Hertfordshire Archives has a number of election posters and other documentation from elections of the past. They show not only the range of electioneering tactics, but also the development of election procedure, from open entertainment of voters and the publication of detailed election results to the secret ballot.
One of the earliets campaigns represented in the records is that of John Radcliffe of Hitchin Priory. He spent £9,000 being elected as MP for St Albans, a seat he held from 1768 until 1783. The seat was uncontested but he spent lavishly, wooing his voters with meat and drink.
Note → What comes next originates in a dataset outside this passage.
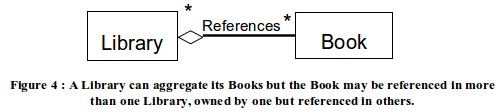 UmlLibraryAggregate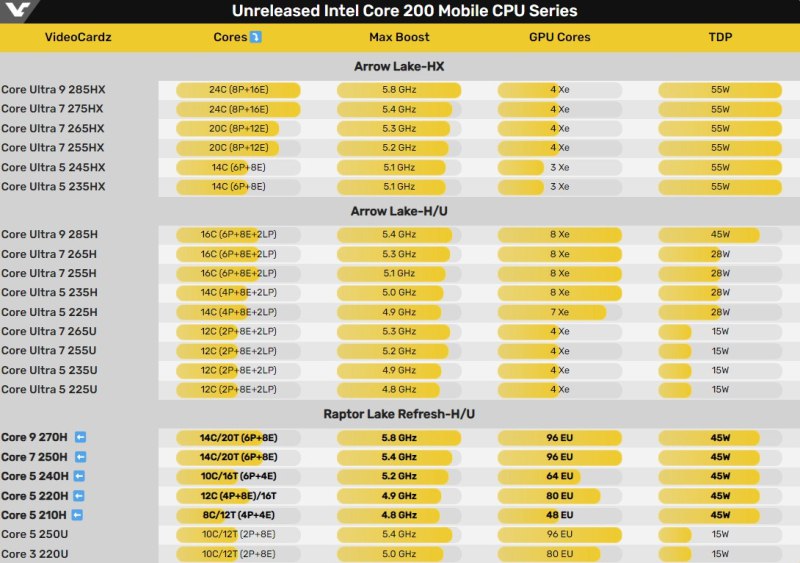 Intel apresenta Core 200H Mobile renomeação dos Raptor Lake-H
It seems that he did not attend Westminster very often, as no speeches of his are recorded in the House of Commons records.
Grimston vs Sebright
In 1832, the year of the first Reform Act, local contestants Viscount Grimston for the Conservatives and Sir John Sebright for the Liberals waged an intense newspaper campaign. The Conservatives claimed that Sebright had predicted a resounding liberal victory which he need not trouble to campaign for. In the words of the Conservative poster, Sebright had claimed that ‘he may lie in bed and yet be sure to be returned’. A later conservative poster urged all voters to be sure to vote in favour of the Conservatives; apparently, Sebright’s lack of electioneering activity did not seem to be working against him. However, this was an illusion as Sebright was not returned and Viscount Grimston was elected as the primary MP for Hertfordshire.
Thomas and Frederick Halsey
In 1852, Thomas Halsey was fighting to be rreturned to Parliament. His appeal for re-election rested on the fact that he had served the county for 18 years. On this occasion he was successful, but on his death two years later, the seat went to the Abel Smith family.However, the Halsey family returned to Parliament when Frederick Halsey was elected in 1874. He campaigned again to be returned as MP for Watford when the Hertfordshire constituency was abolished in 1885. He was fighting for the constituency again in 1892. The campaign was hard fought, with the opposition claiming that Halsey’s previous parliamentary record amounted to little other than support for a very unpopular tax on food. However, Halsey won again for the Conservatives.
A poll book
Today, all voting is secret, but between 1696 and 1872, Sherrifs were required to keep a Poll book, which showed how all the electors had voted. The books could be commercially valuable and were printed and sold widely. In an age when it was allowable to entertain voters in order to sway their opinions, the information held in the poll books would have been invaluable to election managers.